- INSTRUCTIONS FOR THE TASK
Repeat each record below exactly, omitting whatever pictures appear in it.

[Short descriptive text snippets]
○ ○ ○ ○

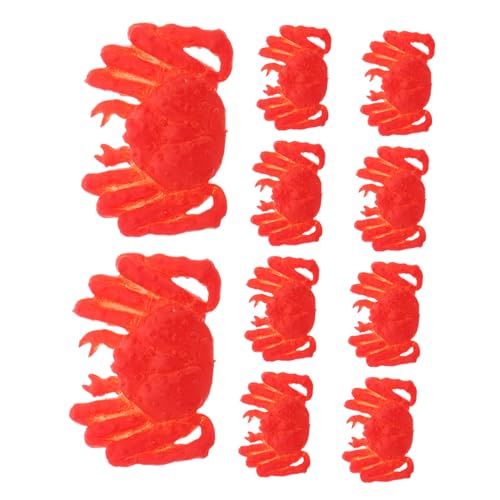 ULTECHNOVO 10 Stück Simulierte Krabbendekoration Meerestierspielzeug für Mini-Krabbe künstliches Meeresfrüchtemodell realistisches Meeresfrüchtemodell gefälschter Hummer Harz rot ULTECHNOVO 10 Stück Simulierte Krabbendekoration Meerestierspielzeug für Mini-Krabbe künstliches Meeresfrüchtemodell realistisches Meeresfrüchtemodell gefälschter Hummer Harz rot von ULTECHNOVO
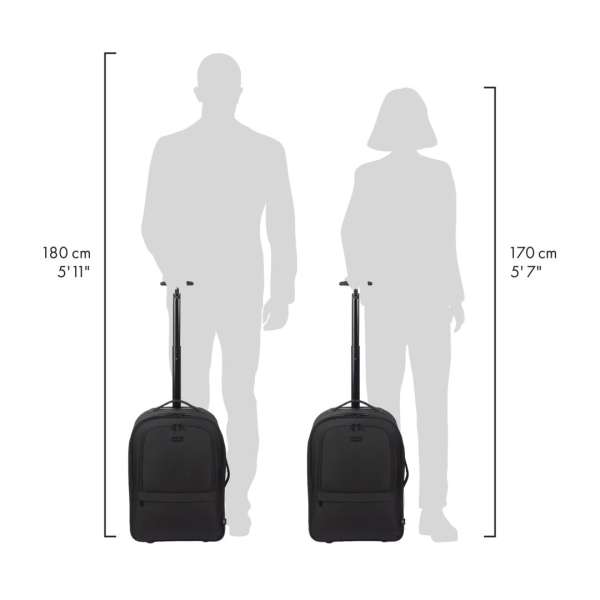 Dicota Backpack Roller Eco CORE 16" Black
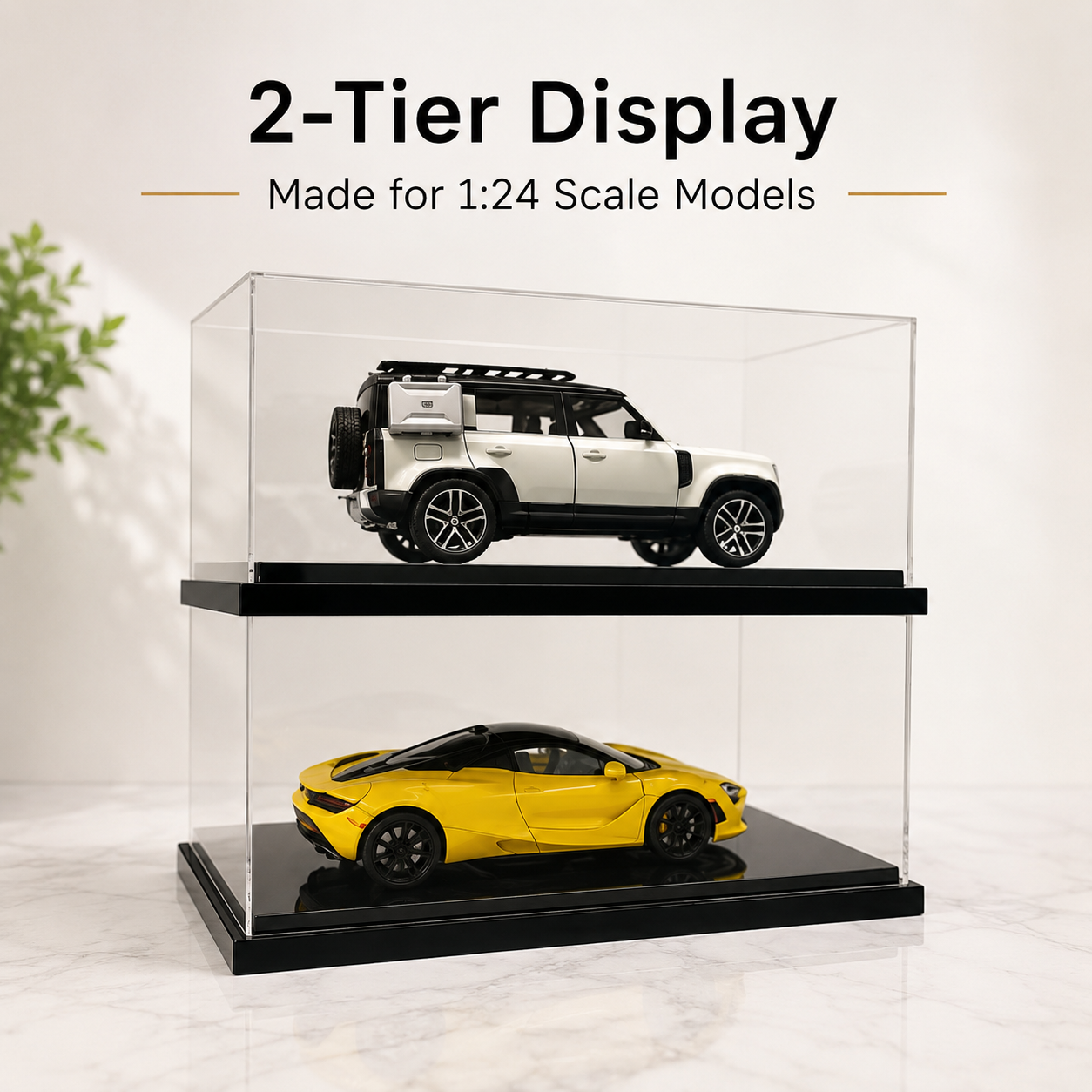 1:24 Double stackable Display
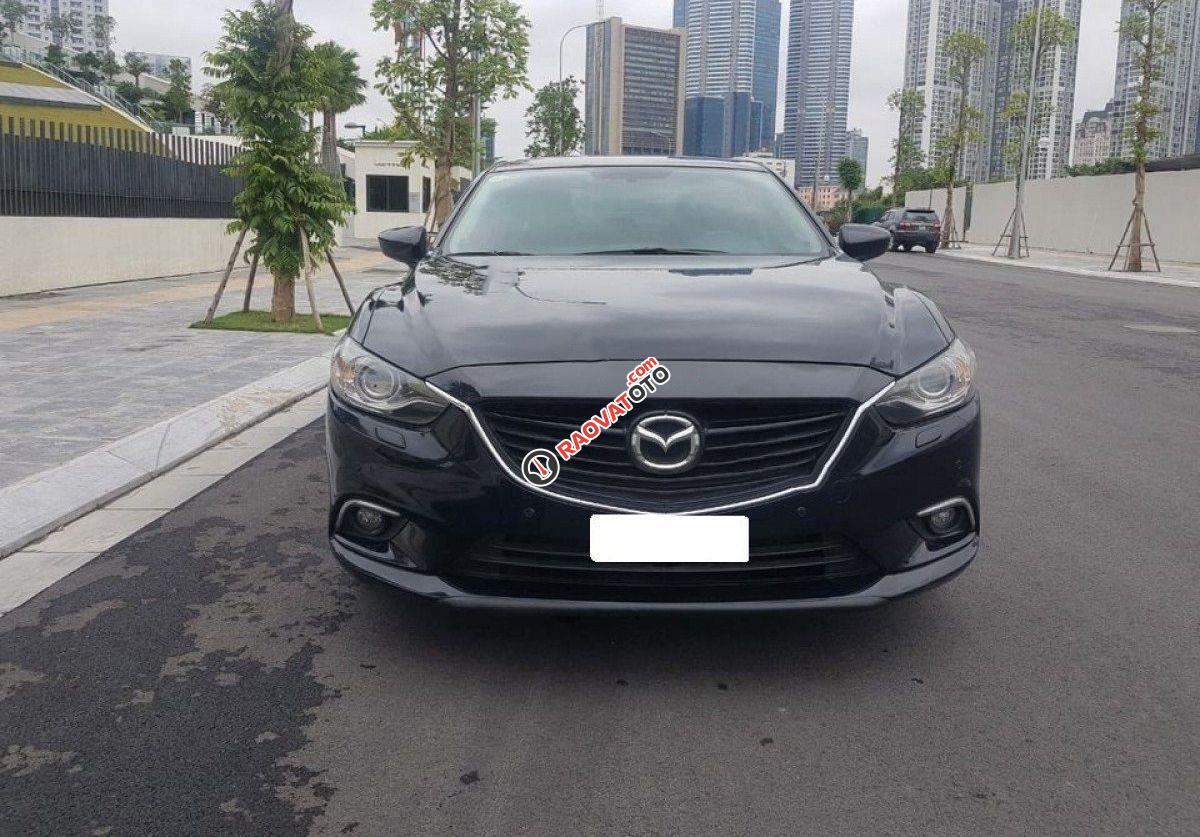 Bán Mazda 6 2.0 AT đời 2016, màu đen -3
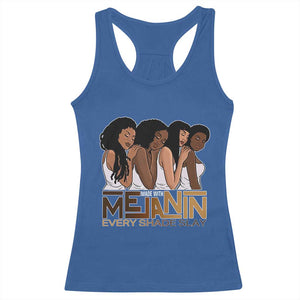 Made With Melanin Every Shade Slays Racerback Tank Top Proud African American TS11 Royal Blue Print Your Wear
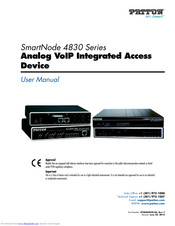 Patton SmartNode 4830 Series User Manual
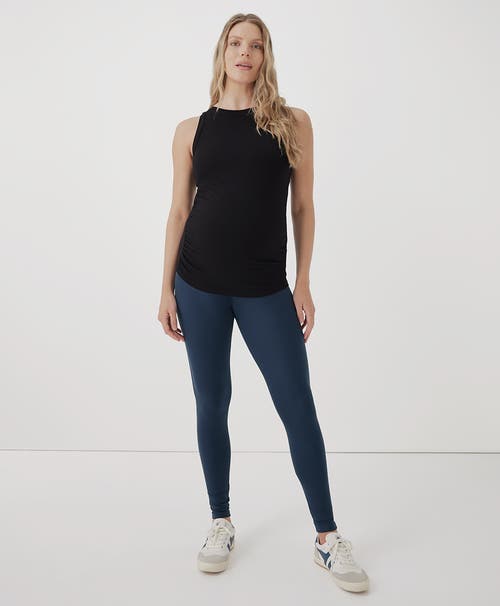 Pact Organic Maternity Everyday Tank In Black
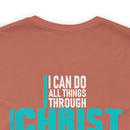 Soft cotton and quality print With Christ Fighting PTSD Awareness T-Shirt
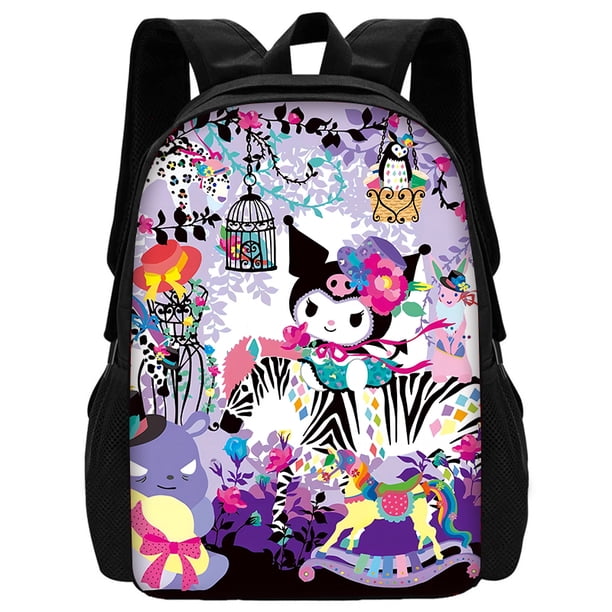 Cute Kuromi My Melody Sanrios Child Backpacks Boys and Girls Student Birthday Gift School Bags Unisex Camping Durable Rucksack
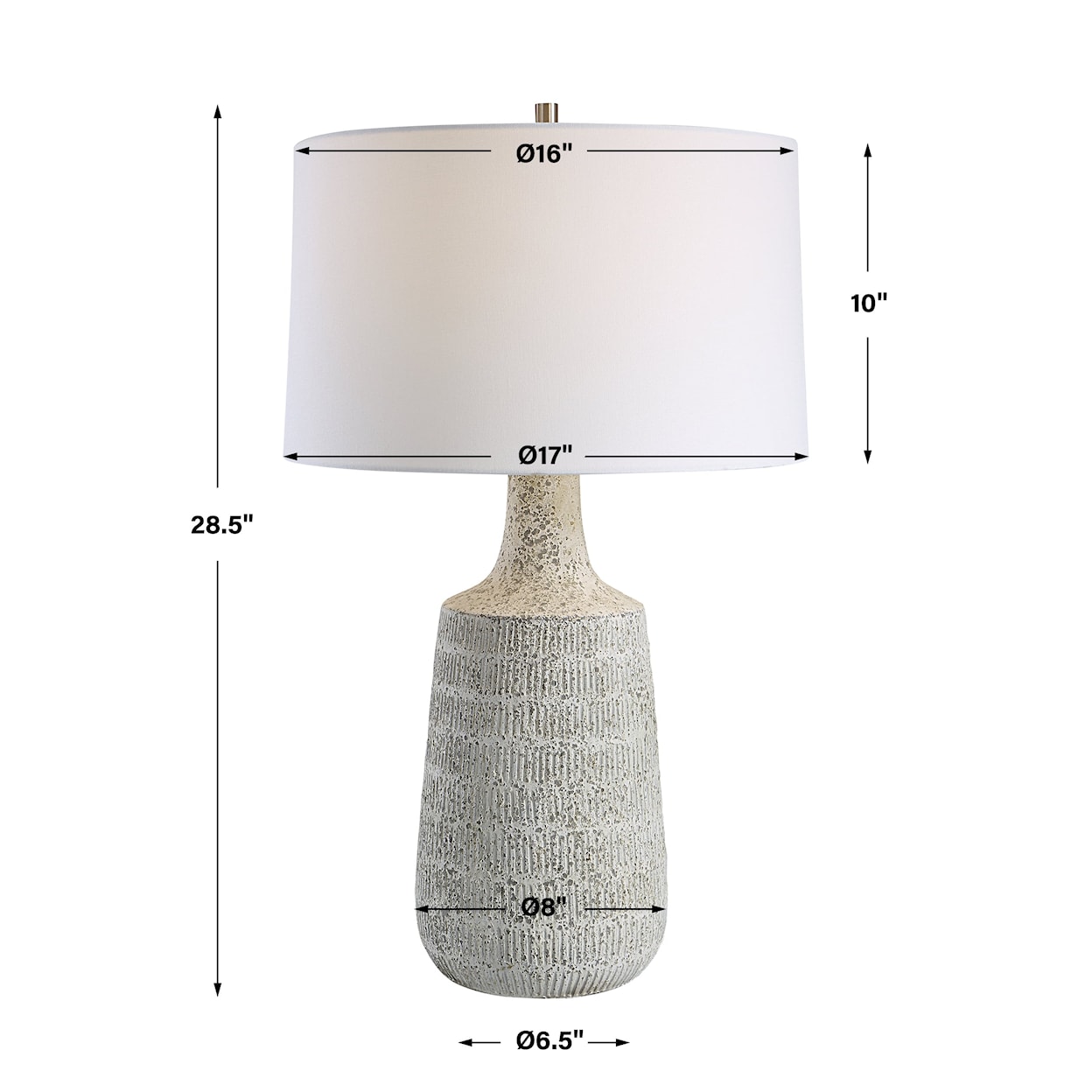 Uttermost Scouts Scouts White Table Lamp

○ ○ ○ ○

- REPLY TO THE TASK
 ULTECHNOVO 10 Stück Simulierte Krabbendekoration Meerestierspielzeug für Mini-Krabbe künstliches Meeresfrüchtemodell realistisches Meeresfrüchtemodell gefälschter Hummer Harz rot ULTECHNOVO 10 Stück Simulierte Krabbendekoration Meerestierspielzeug für Mini-Krabbe künstliches Meeresfrüchtemodell realistisches Meeresfrüchtemodell gefälschter Hummer Harz rot von ULTECHNOVO
 Dicota Backpack Roller Eco CORE 16" Black
 1:24 Double stackable Display
 Bán Mazda 6 2.0 AT đời 2016, màu đen -3
 Made With Melanin Every Shade Slays Racerback Tank Top Proud African American TS11 Royal Blue Print Your Wear
 Patton SmartNode 4830 Series User Manual
 Pact Organic Maternity Everyday Tank In Black
 Soft cotton and quality print With Christ Fighting PTSD Awareness T-Shirt
 Cute Kuromi My Melody Sanrios Child Backpacks Boys and Girls Student Birthday Gift School Bags Unisex Camping Durable Rucksack
 Uttermost Scouts Scouts White Table Lamp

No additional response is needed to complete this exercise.